WHAT IS NEEDED |
Below are some records. Return exactly their lines from the one containing "misstakıjewerly İNCİLİ YEŞİL" through the one containing "A White Kitchen", and drop the pictures.

DATA UNDER STUDY |
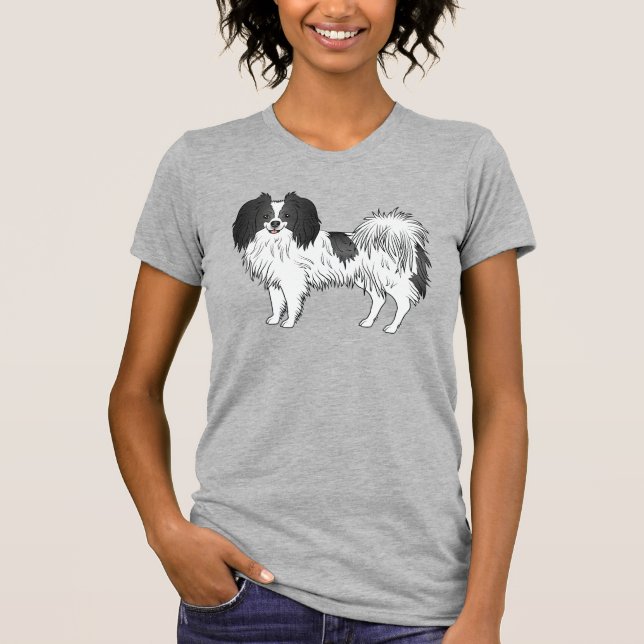 Svart och vit Cute Phalène-Hund med leende Ansikte T Shirt (Framsida)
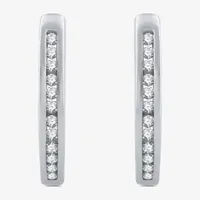 1 CT. T.W. Natural White Diamond Sterling Silver 25.8mm Hoop Earrings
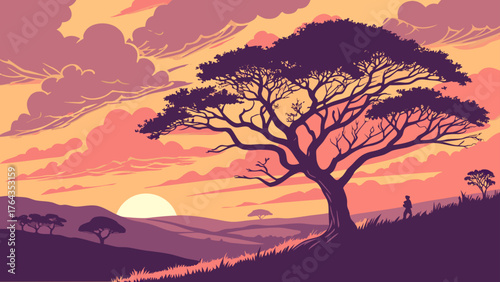 Aesthetic sunset landscape with silhouetted trees and a person walking on a hill at twilight hour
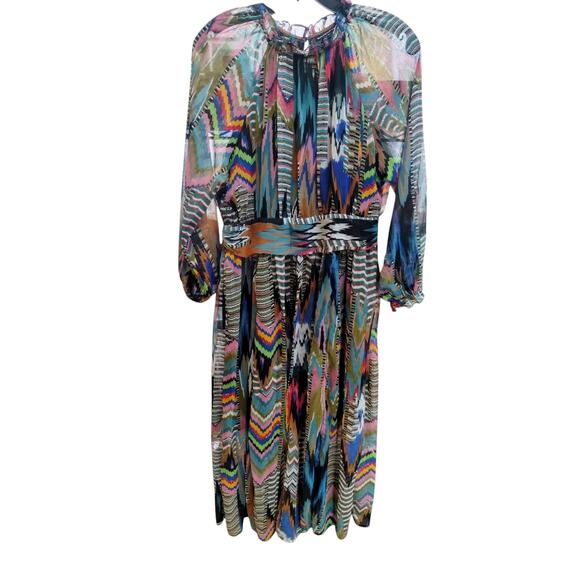 Kassually Womens size Large Flowy Sheer Boho Colorful Artsy Abstract Print Dress - Picture 3 of 9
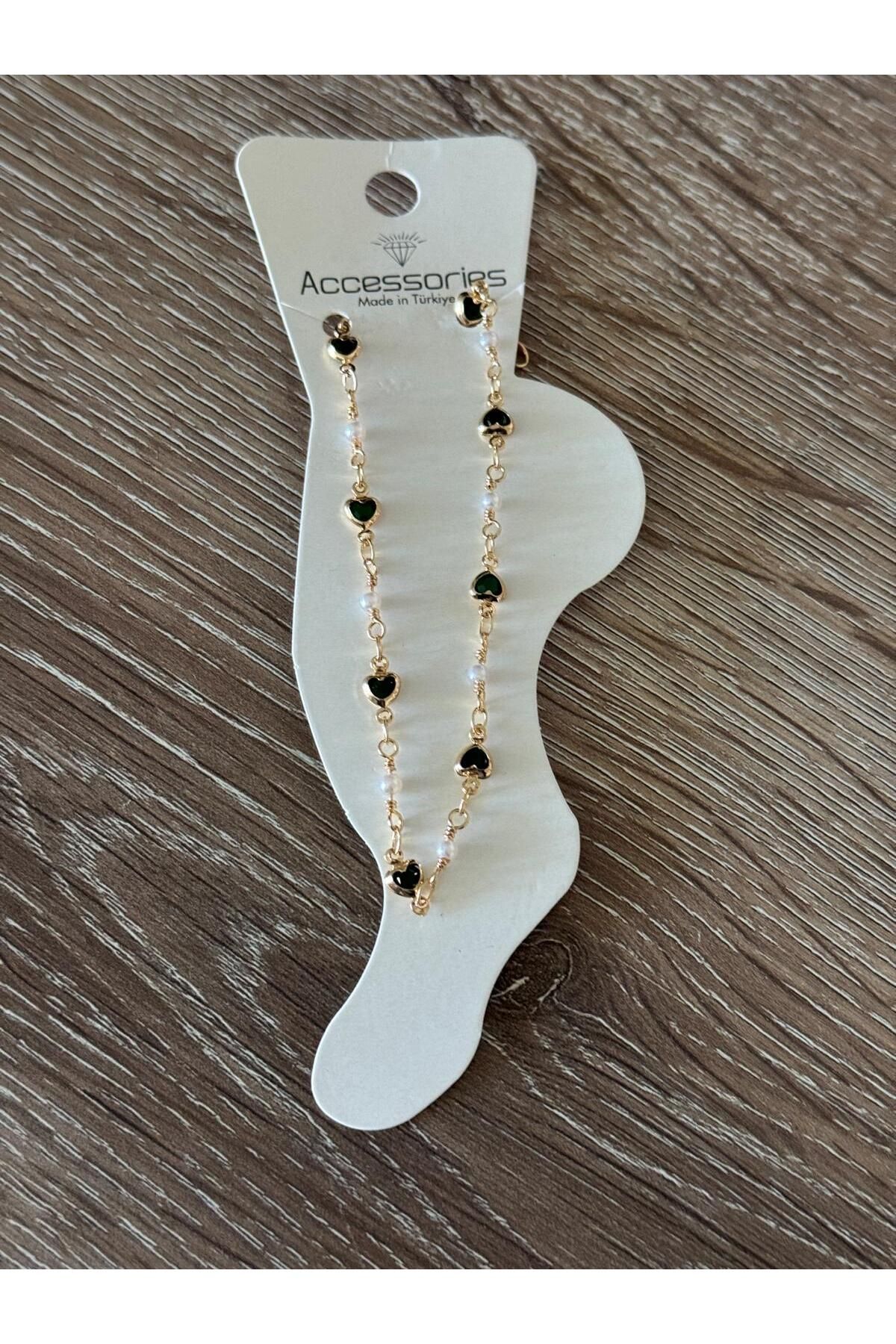 misstakıjewerly İNCİLİ YEŞİL RENK KALP HALHAL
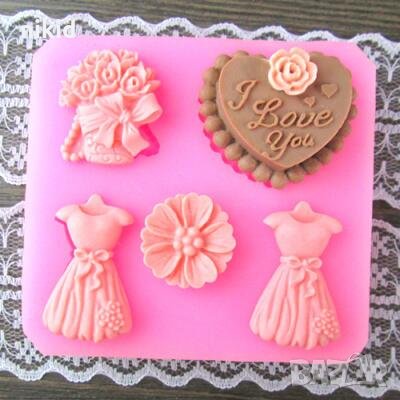 I love you сърце с розичка чанта букет 2 красива рокля силиконов молд форма декорация торта фондан , снимка 1
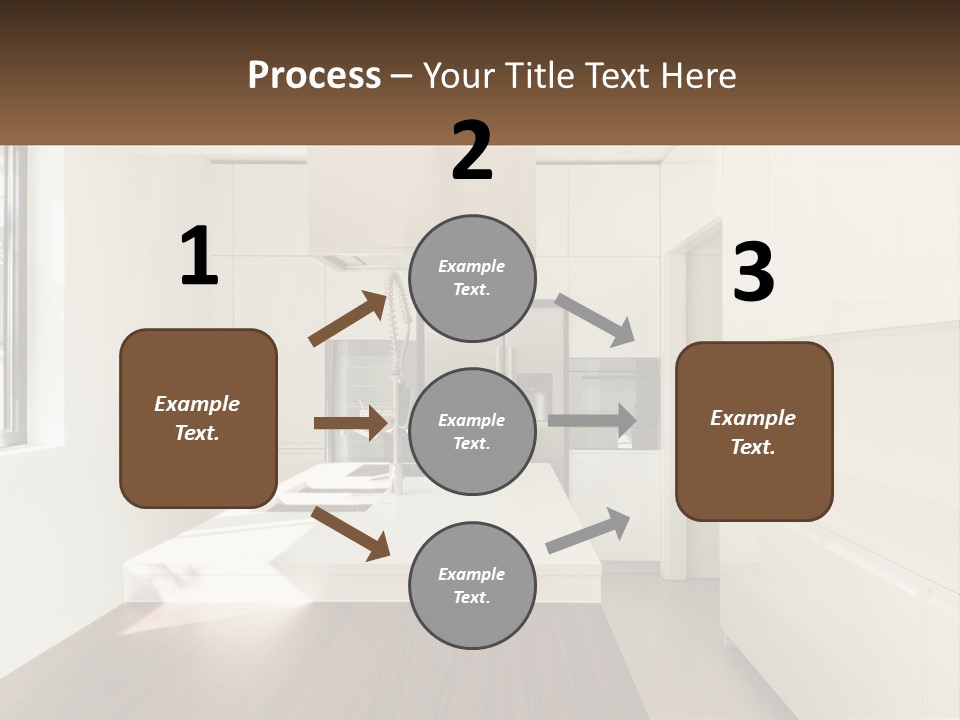 A White Kitchen With A Wooden Counter Top PowerPoint Template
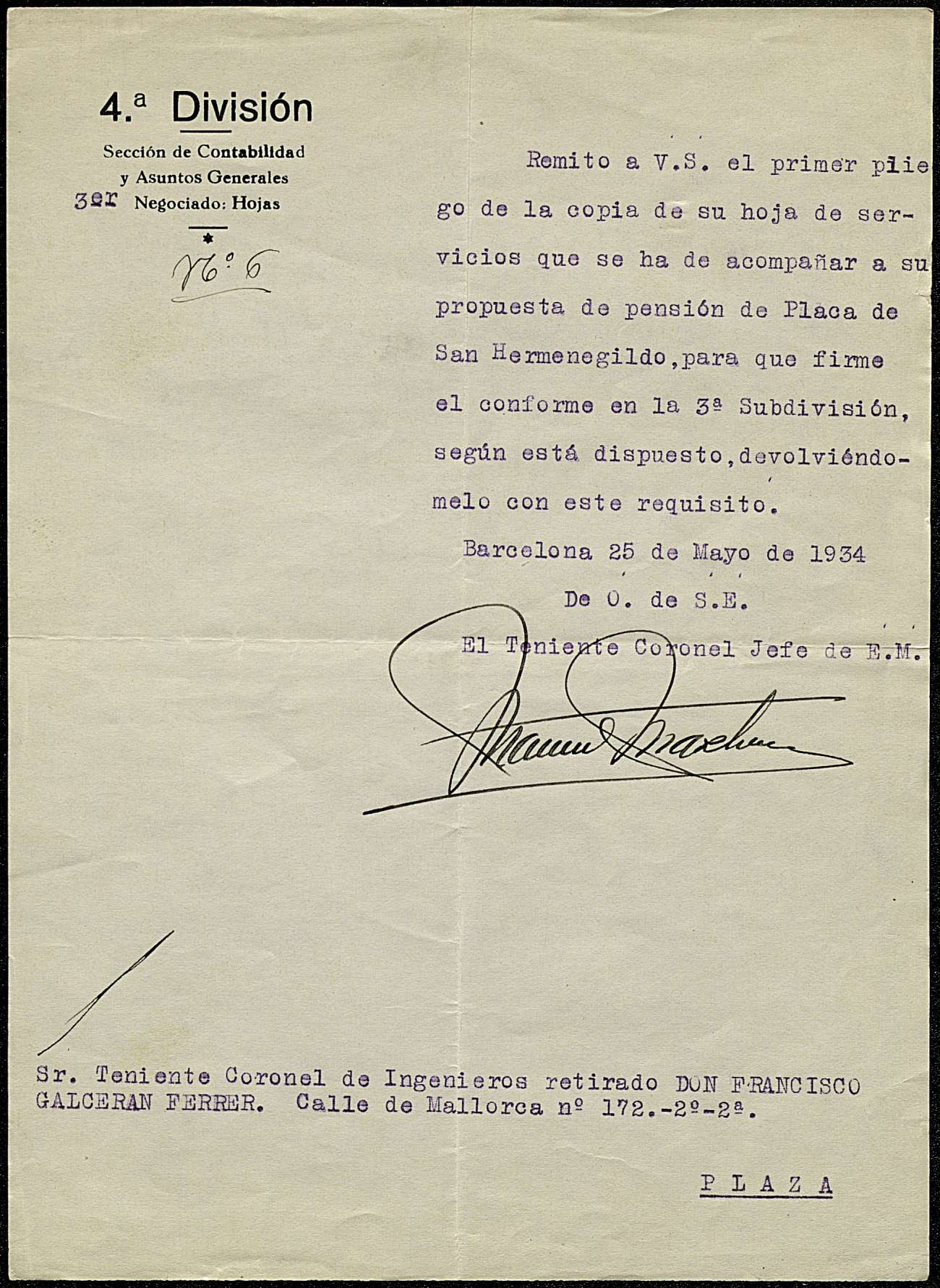 Notificació còpia Hoja de Servicios a D. Francisco Galcerán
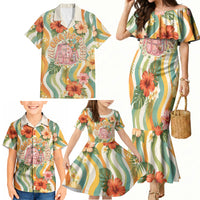 Hawaii Aloha Academy Back To School Family Matching Mermaid Dress and Hawaiian Shirt Sea Turtle Tropical Hibiscus Flowers Retro Psychedelic TS04 - Polynesian Pride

ANSWER |
 misstakıjewerly İNCİLİ YEŞİL RENK KALP HALHAL
 I love you сърце с розичка чанта букет 2 красива рокля силиконов молд форма декорация торта фондан , снимка 1
 A White Kitchen With A Wooden Counter Top PowerPoint Template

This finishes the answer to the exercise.